◆ AIM OF THE EXERCISE: From the listing below, please restate exactly the lines beginning at the one with "العبايه ذات الورود" and ending at the one with "San Antonio&comma; TX", both included, and skip the pictures.
-------- DATA RECORDS
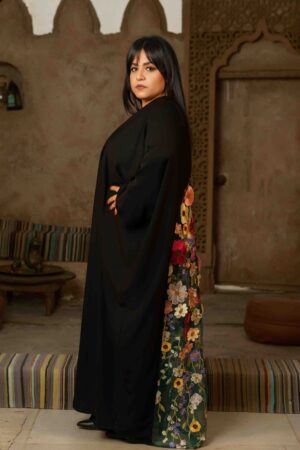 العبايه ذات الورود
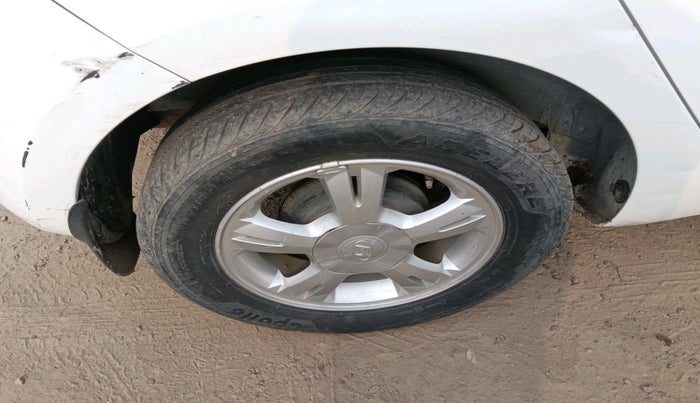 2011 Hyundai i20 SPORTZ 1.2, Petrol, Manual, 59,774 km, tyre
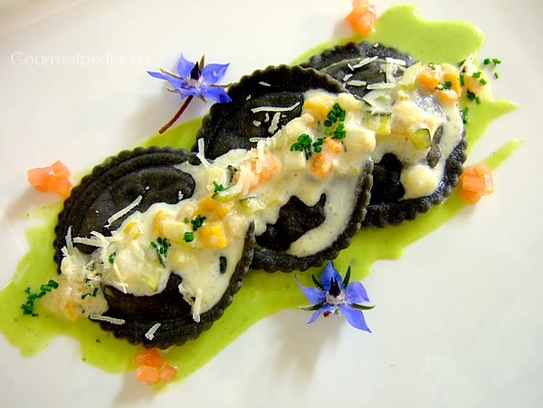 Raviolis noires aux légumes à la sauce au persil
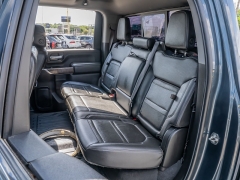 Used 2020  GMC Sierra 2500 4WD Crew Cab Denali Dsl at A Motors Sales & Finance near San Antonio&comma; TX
----------------
-------- DATA RECORDS
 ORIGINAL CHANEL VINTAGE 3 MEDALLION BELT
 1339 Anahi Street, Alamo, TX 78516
----------------
-------- DATA RECORDS
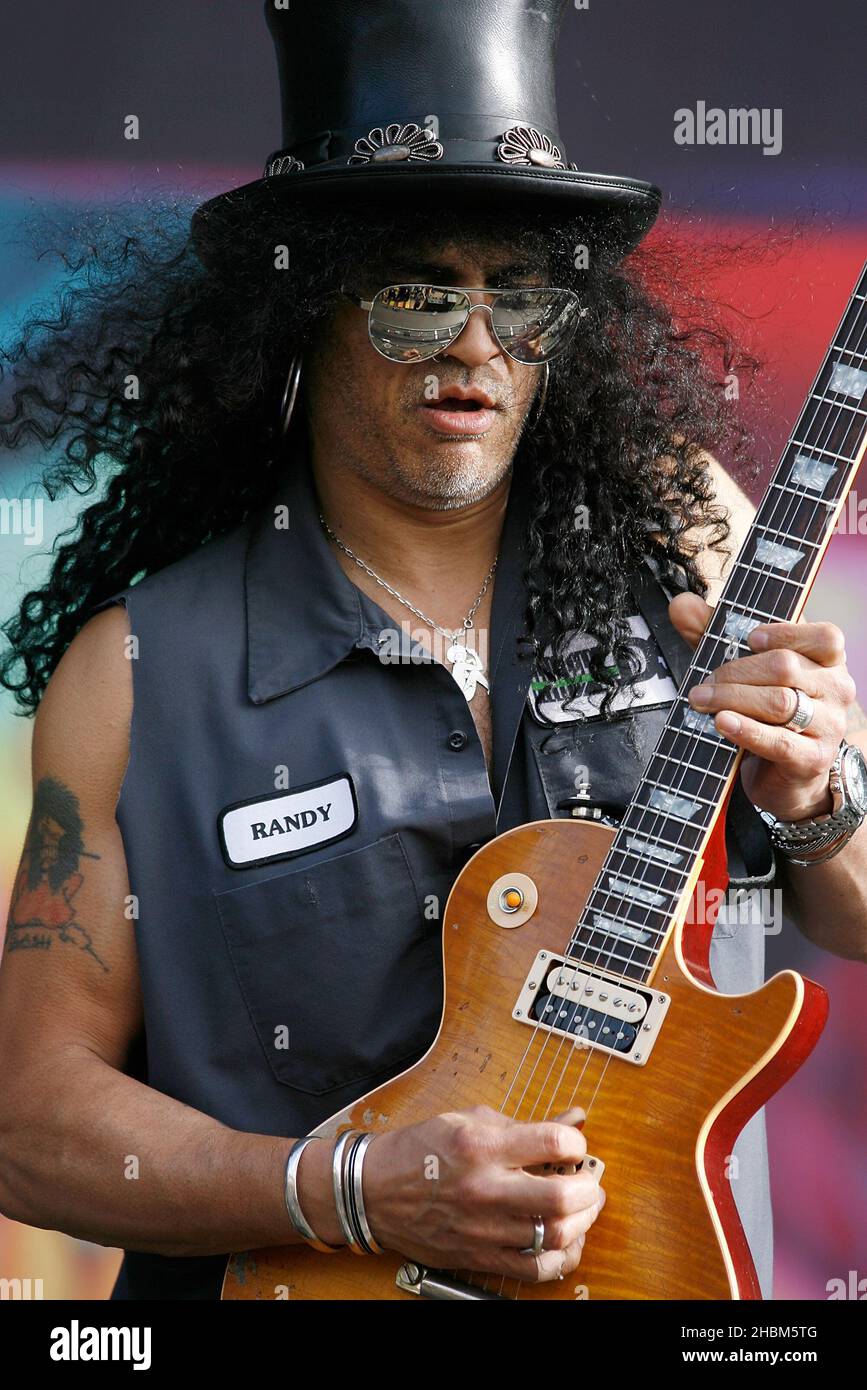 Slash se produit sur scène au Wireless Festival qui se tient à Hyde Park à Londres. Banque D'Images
----------------
◆ TASK RESULT:
 العبايه ذات الورود
 2011 Hyundai i20 SPORTZ 1.2, Petrol, Manual, 59,774 km, tyre
 Raviolis noires aux légumes à la sauce au persil
 Used 2020  GMC Sierra 2500 4WD Crew Cab Denali Dsl at A Motors Sales & Finance near San Antonio&comma; TX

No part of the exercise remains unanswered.